We canceled our Zeplin subscription this summer, and the bigger change wasn't the tool, it was realizing handoff was never supposed to be an event.

We canceled our Zeplin subscription this summer. That sentence is doing a lot of work, because the subscription wasn’t really the point. The point is we stopped treating handoff as a step in the process and started treating it as a surface that engineers read from continuously. It’s a small change in framing that reorganized how our whole team works.

01. Handoff as an event was the real problem

For years, our flow looked like this: design a screen, polish it, freeze it, “hand it off.” There was a ceremony. There was sometimes a meeting. There was, inevitably, a week later, a Slack message that started with “hey quick question about the spec.”


The quiet assumption under all of it was that design was a thing you finished and then passed, intact, to engineering. As if an interface could be done in one tool and then manufactured in another. That assumption was wrong in a hundred small ways that added up to the wrong shape of relationship between the two teams.


Treating handoff as an event meant every ambiguity became a negotiation. Every spec gap became a meeting. Every late-stage change became a delta someone had to track in a comment thread somewhere. It was friction dressed up as process.

02. What continuous collaboration actually looks like

With Dev Mode mature enough to trust, the wall disappeared. Engineers now pull what they need, when they need it, directly from the file: tokens, variables, spacing, typography, measurements, component references. The design file is no longer a picture of an interface, it’s a structured data source that happens to also be visually readable.


“Mark as ready for dev” became the designer’s equivalent of a Git commit push. It’s not a ceremony, it’s a signal. This slice is stable enough to pull from. If I rework it later, the signal flips, engineers see that, and the state of the world is always legible without a meeting.

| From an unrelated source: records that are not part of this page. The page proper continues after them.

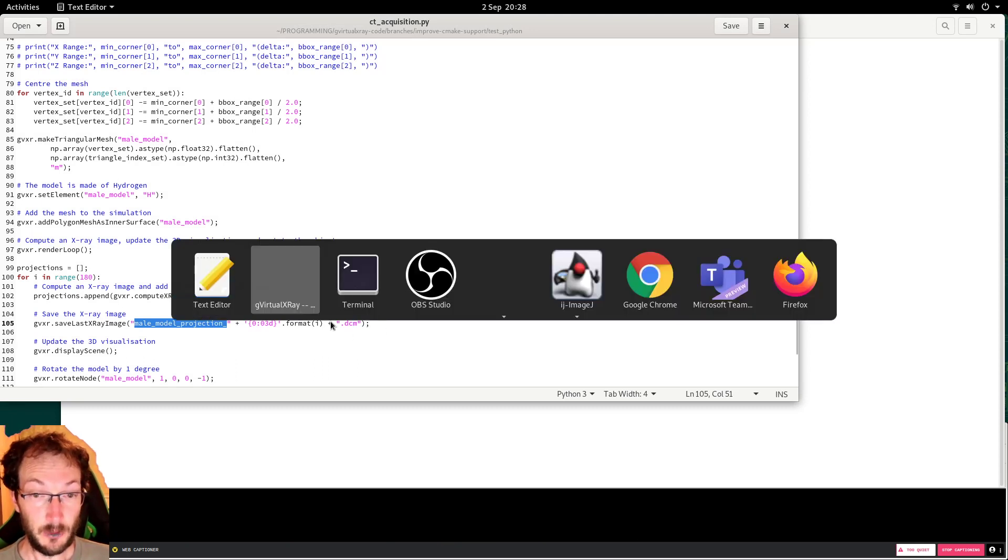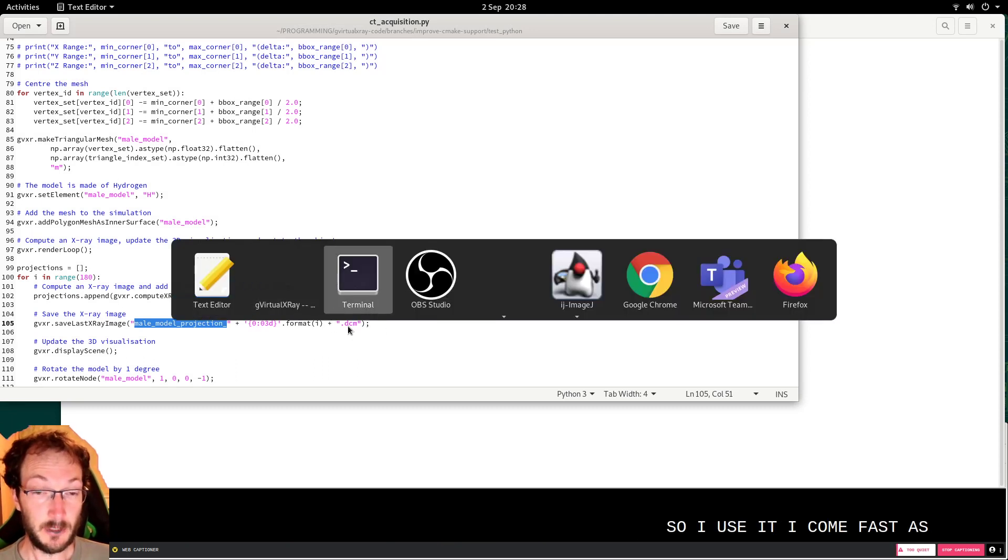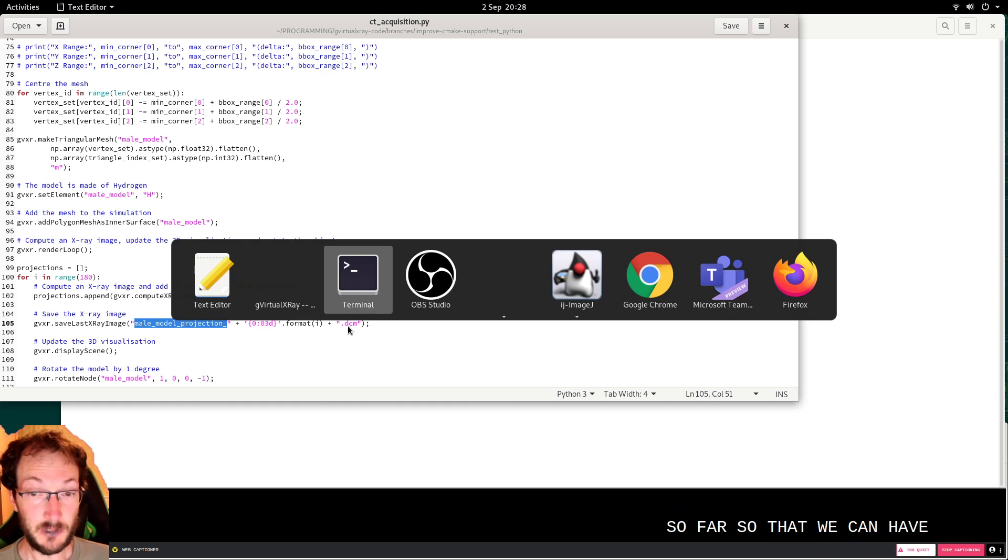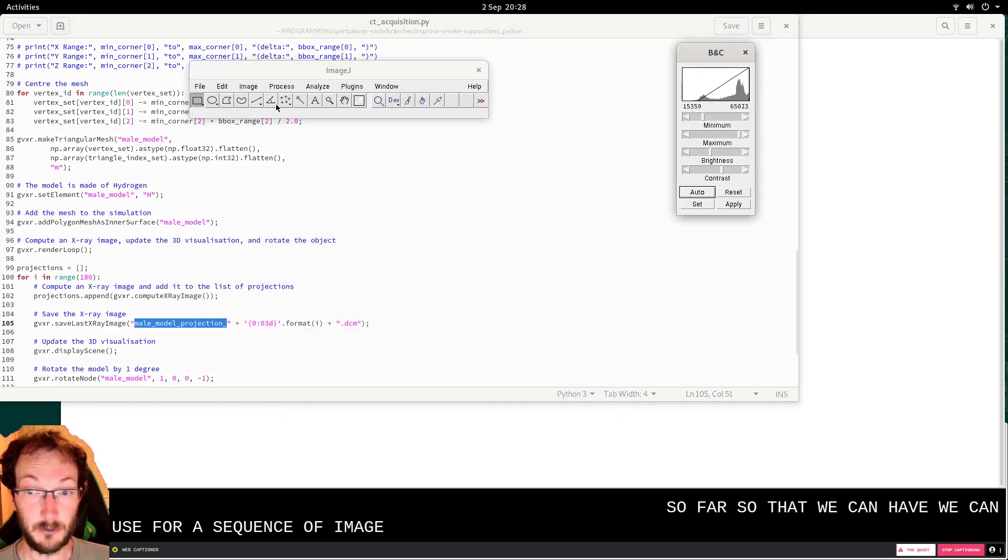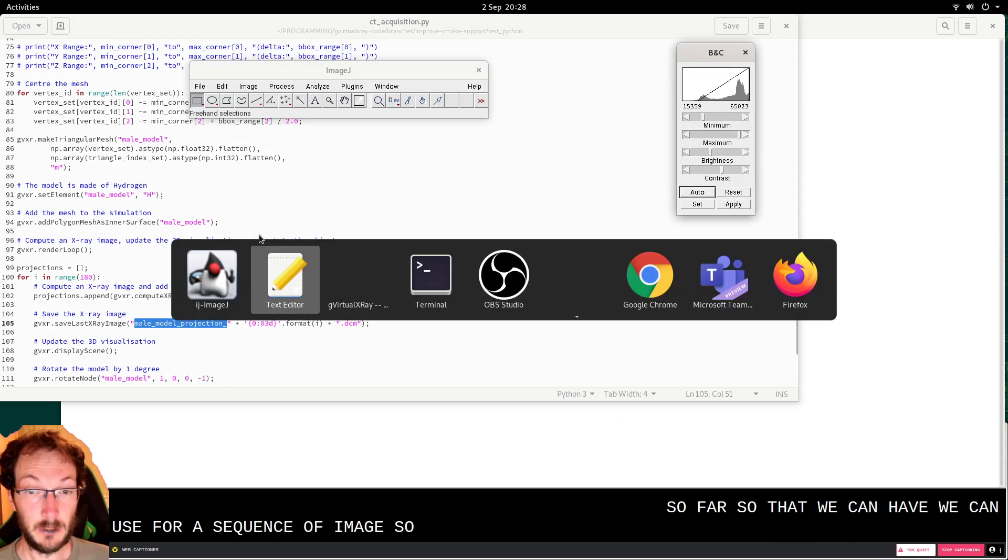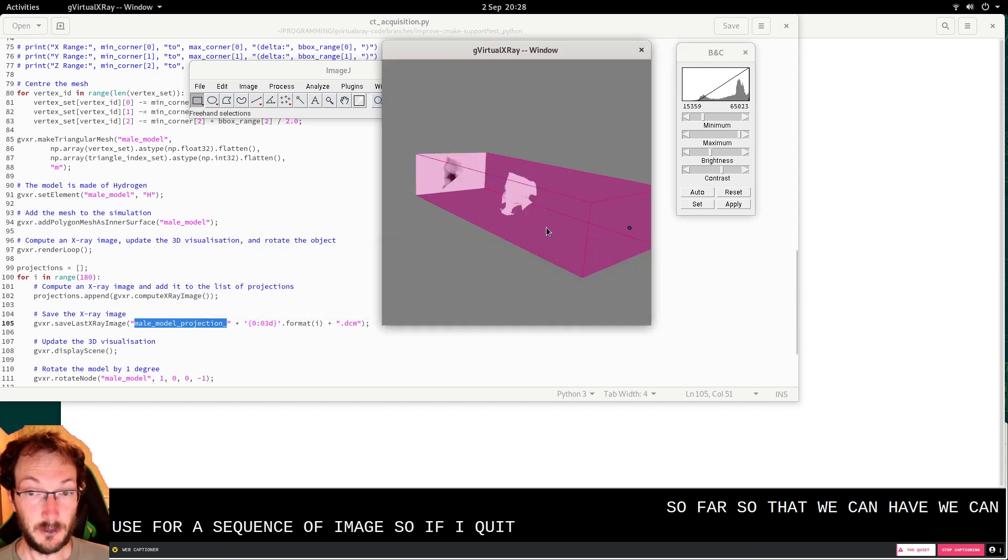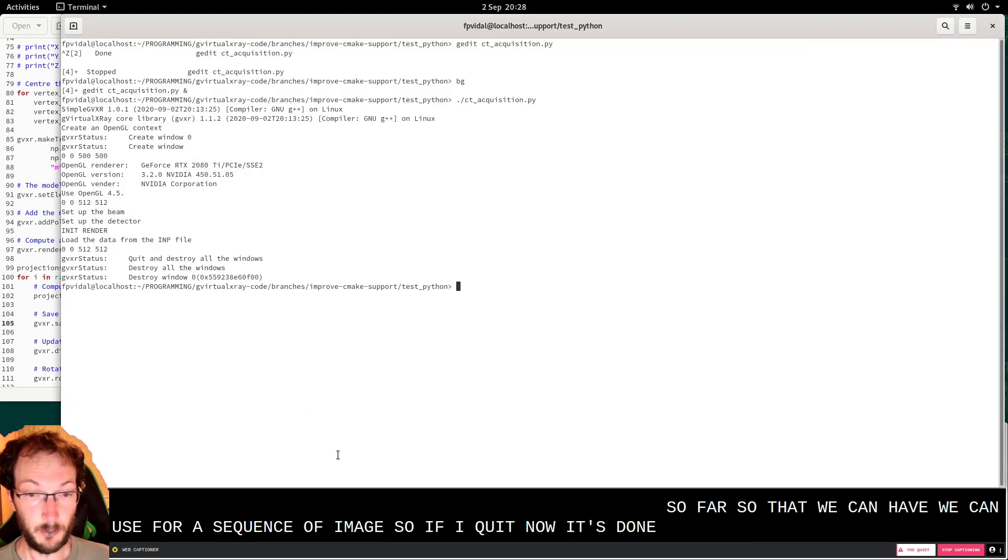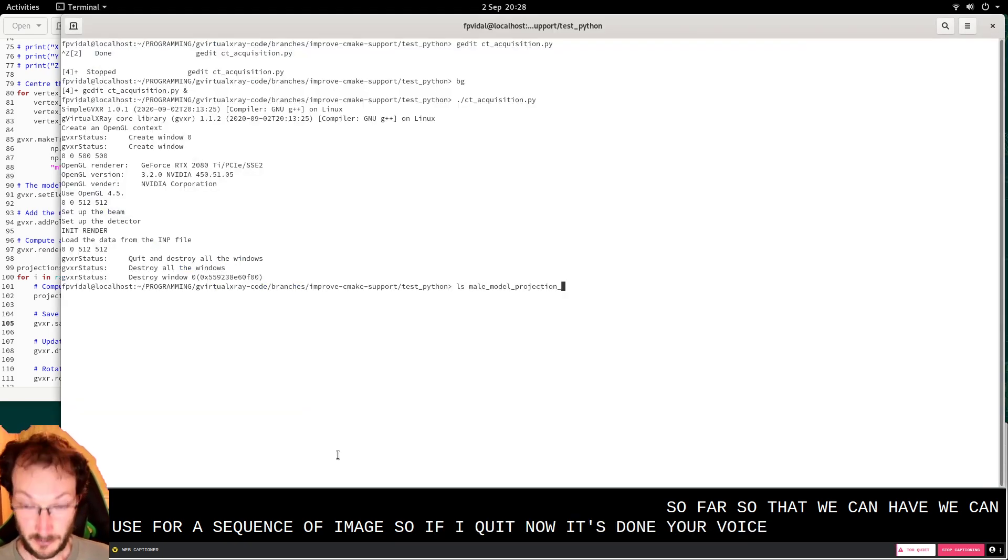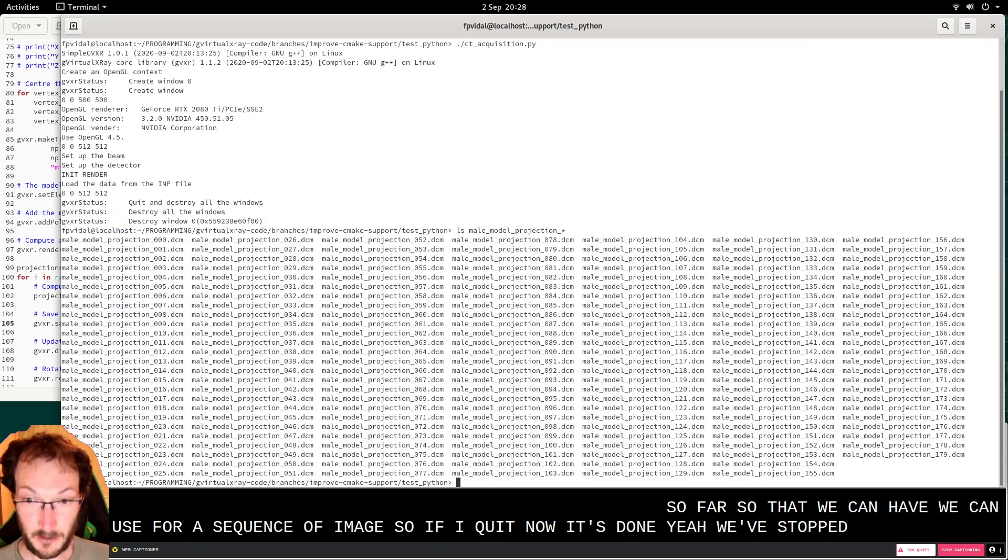So I use a DICOM file so that we can use ImageJ for a sequence. I should have plenty of files with that file format.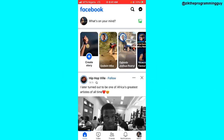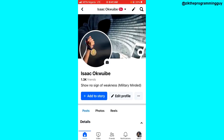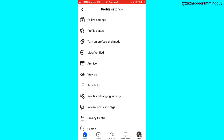The first step is to open your Facebook app and then go to your Facebook profile. Once you are on your Facebook profile, click on the three dots on your profile. Once you click on that you'll see all these options right here.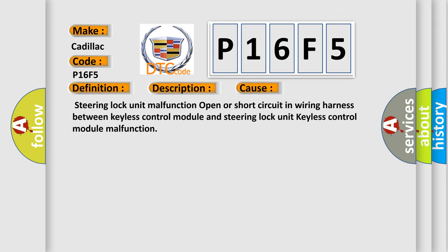This diagnostic error occurs most often in these cases: Steering lock unit malfunction, open or short circuit in wiring harness between keyless control module and steering lock unit, keyless control module malfunction.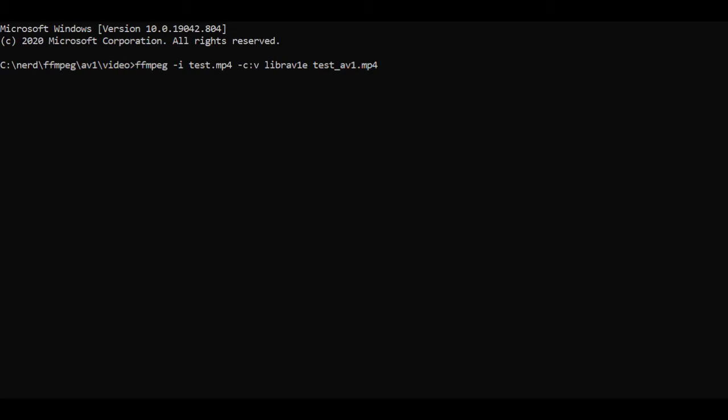Librav1e. This is one of two AV1 codecs in my build of FFmpeg and then the output file name test.mp4.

“Handoff used to be a wall we threw designs over. Now it’s a shared sandbox.”

The other thing that changed, quietly, is that engineers stopped asking me questions that designs shouldn’t have to answer out loud. Margins, states, variant behavior, all of that is in the file, in the tokens, or in the component itself. The questions I do get are higher-level now, about intent and edge cases, which is, uncomfortably, where my attention should have been all along.

03. What this demanded of me

The catch, and there’s always a catch, is that I can’t design the way I used to.


I used to think in arbitrary groupings: a few rectangles, loosely aligned, vibes-driven. It looked fine in Figma. It fell apart in code, because code doesn’t do vibes. Now I have to design with implementation constraints from day one. Flexbox, grid, intrinsic sizing, token-bound spacing. If I group things in a way that no layout engine could reproduce, I’m just drawing a lie.


That was the hardest adjustment. It felt, at first, like giving up a kind of freedom. Then it stopped feeling like freedom lost and started feeling like pretending to have options I never really had. The production artifact was always going to be flexbox. I was just spending extra energy to pretend otherwise in Figma.


The result, a few months in, is that my files look more like component libraries than like mood boards. They’re boring to scroll through. They’re great to build from.


04. Closing

Canceling Zeplin was the cheap part. The real cost was mine: updating how I think about a design file and who it’s for. It’s not a gallery anymore. It’s a working surface that my engineering partners live in as much as I do.


If your team still has a dedicated handoff step, I’d at least sit with the question of what that step is actually protecting. In our case, the answer turned out to be “my old habits,” and those weren’t worth the friction.